═════ Given records ═════
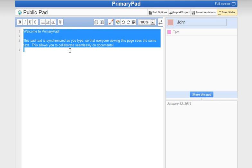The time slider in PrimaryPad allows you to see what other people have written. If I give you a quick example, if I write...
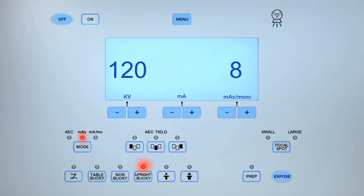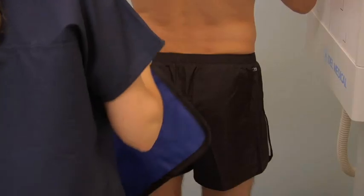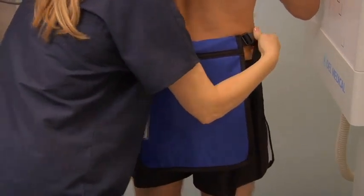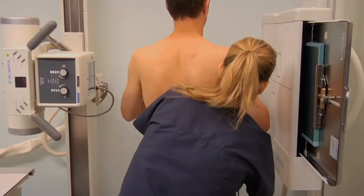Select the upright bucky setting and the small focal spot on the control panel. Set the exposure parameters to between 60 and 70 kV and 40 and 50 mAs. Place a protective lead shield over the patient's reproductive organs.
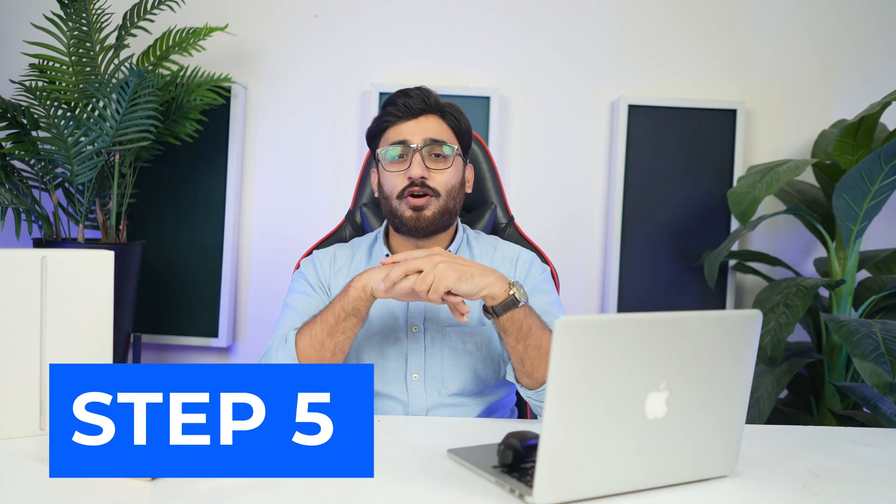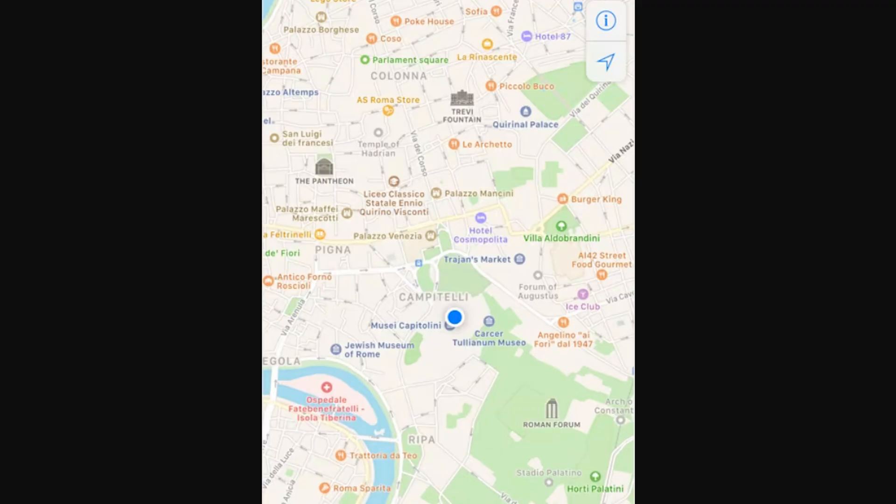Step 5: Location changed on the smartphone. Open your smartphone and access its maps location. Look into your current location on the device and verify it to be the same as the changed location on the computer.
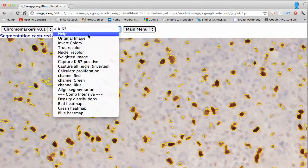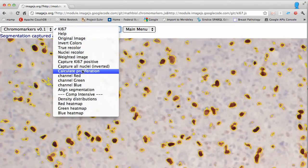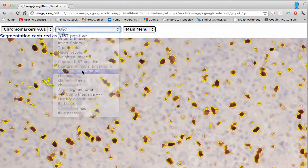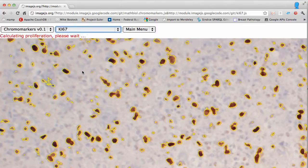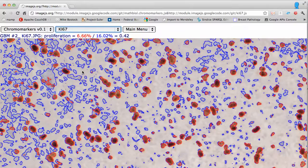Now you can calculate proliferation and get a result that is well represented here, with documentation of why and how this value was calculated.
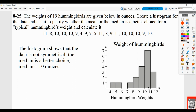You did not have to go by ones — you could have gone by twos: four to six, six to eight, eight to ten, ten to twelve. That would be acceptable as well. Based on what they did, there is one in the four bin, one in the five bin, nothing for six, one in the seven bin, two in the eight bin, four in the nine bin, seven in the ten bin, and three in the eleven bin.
═════
▸ **Directions for this task**: What you return should match the records line for line, minus the pictures.

▸ **Answer area**:
The time slider in PrimaryPad allows you to see what other people have written. If I give you a quick example, if I write...
Select the upright bucky setting and the small focal spot on the control panel. Set the exposure parameters to between 60 and 70 kV and 40 and 50 mAs. Place a protective lead shield over the patient's reproductive organs.
Step 5: Location changed on the smartphone. Open your smartphone and access its maps location. Look into your current location on the device and verify it to be the same as the changed location on the computer.
Now you can calculate proliferation and get a result that is well represented here, with documentation of why and how this value was calculated.
You did not have to go by ones — you could have gone by twos: four to six, six to eight, eight to ten, ten to twelve. That would be acceptable as well. Based on what they did, there is one in the four bin, one in the five bin, nothing for six, one in the seven bin, two in the eight bin, four in the nine bin, seven in the ten bin, and three in the eleven bin.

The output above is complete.